All measurements are performed at room temperature with the exception of the thermal tuning experiment. The thermal tuning experiment is performed by heating the device die using an off-chip 20 W metal ceramic heater; device temperature is measured using a 100 Ω platinum resistance temperature detector.

Device sampling

The distribution of operating wavelengths of devices in each wafer run is estimated by measuring the SH spectra of a subset of the population of test devices without known non-poling processing defects. An accounting of the total number of devices fabricated in each wafer run, and known processing defects is provided below:

Wafer A

A total of 660 devices relevant to this work are fabricated in this wafer run, with 600 (60) devices designated as test (calibration) devices. Of the test devices, 40 devices with anomalous top widths (Supplementary Fig. 3a) due to stitching errors in the electron beam lithography step are excluded from consideration. A further 280 devices’ waveguide profiles are measured with a different AFM tip than the calibration devices’ due to damage to the original tip, and are thus excluded since the assumption of consistent systematic errors does not hold. The population of test devices without known non-poling processing defects in Wafer A is N = 280; the location of excluded devices is indicated in Supplementary Fig. 3b. During measurement, a total of n = 84 (35%) devices are sampled to estimate the distribution of λ_SH shown in Fig. 3e (upper panel). A subset of devices measured with a different AFM tip were tested to verify that the systematic error from waveguide profiling changes with AFM tip used (Supplementary Fig. 3c).

Wafer B

A total of 360 devices relevant to this work are fabricated in this wafer run, with 300 (60) devices designated as text (calibration) devices. Of the test devices, an error in the extraction of the post-etch film thickness data during QPM design resulted in anomalous λ_SH for 60 devices. The error in the post-etch film thickness is identified by comparing the fine wafer map data against a reference coarse wafer map (Supplementary Fig. 3d). The correct post-etch film thickness is subsequently extracted during post-mortem analysis (Supplementary Fig. 3d, right panel), and the devices designed with erroneous film thickness data are excluded from the population of the valid test devices. The population of test devices without known non-poling processing defects in Wafer A is N = 240. During measurement, a total of n = 144 (60%) devices are sampled to estimate the distribution of λ_SH.

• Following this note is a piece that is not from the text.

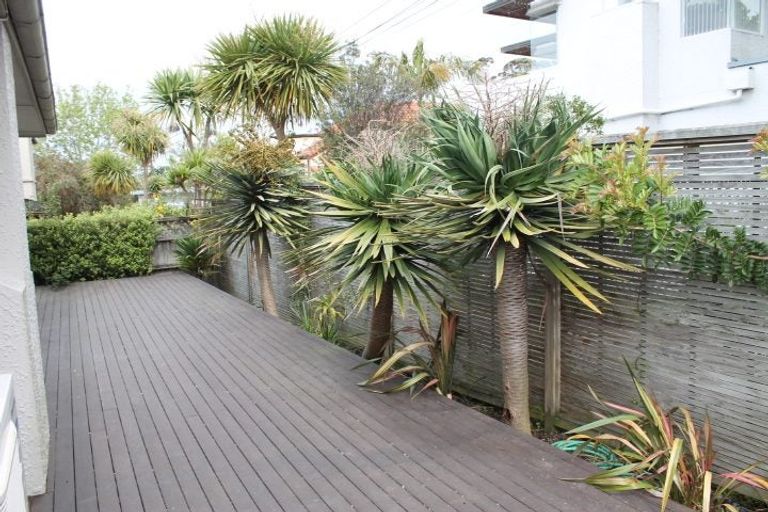 Photo of property in 92 Shakespeare Road, Milford, Auckland, 0620
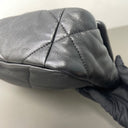 Sac à bandoulière Chanel 19 small en cuir noir - Chanel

Estimation of normalized SH conversion efficiency for the etch-before pole approach

In the etch-before-pole approach proposed in this work, domain inversion due to electric field poling is expected to only propagate through the remaining LN slab, as indicated schematically in (Fig. 1c). This is verified by differential etching of the exposed ±z-faces of LN using 49% hydrofluoric acid (Supplementary Fig. 4a).

This partial domain inversion results in reduced overlap between the FH and SH modes with the poled region, where constructive accumulation of the generated SH field occurs. Thus reduced normalized conversion efficiency compared to when the entire waveguide region is poled is expected. The expected reduction in the normalized conversion efficiency is approximated by setting the nonlinear tensor to zero every except the poled region (Supplementary Fig. 4b, lower panel) when calculating the nonlinear conversion efficiency. With simulated FH and SH mode profiles from FDE, we can use the coupled wave equations for SHG²⁷ to estimate the reduction of conversion efficiency relative to when the waveguide is fully poled (Supplementary Fig. 4c).

For the etch geometry investigated in this work, the expected normalized conversion efficiency assuming ideal 50% duty cycle poling is only ~23% of the normalized conversion efficiency of a fully poled waveguide ( ~3400% ⋅  W⁻¹ ⋅ cm⁻²)). The SH spectrum of the measured device with the highest normalized conversion efficiency is shown in Supplementary Fig. 10.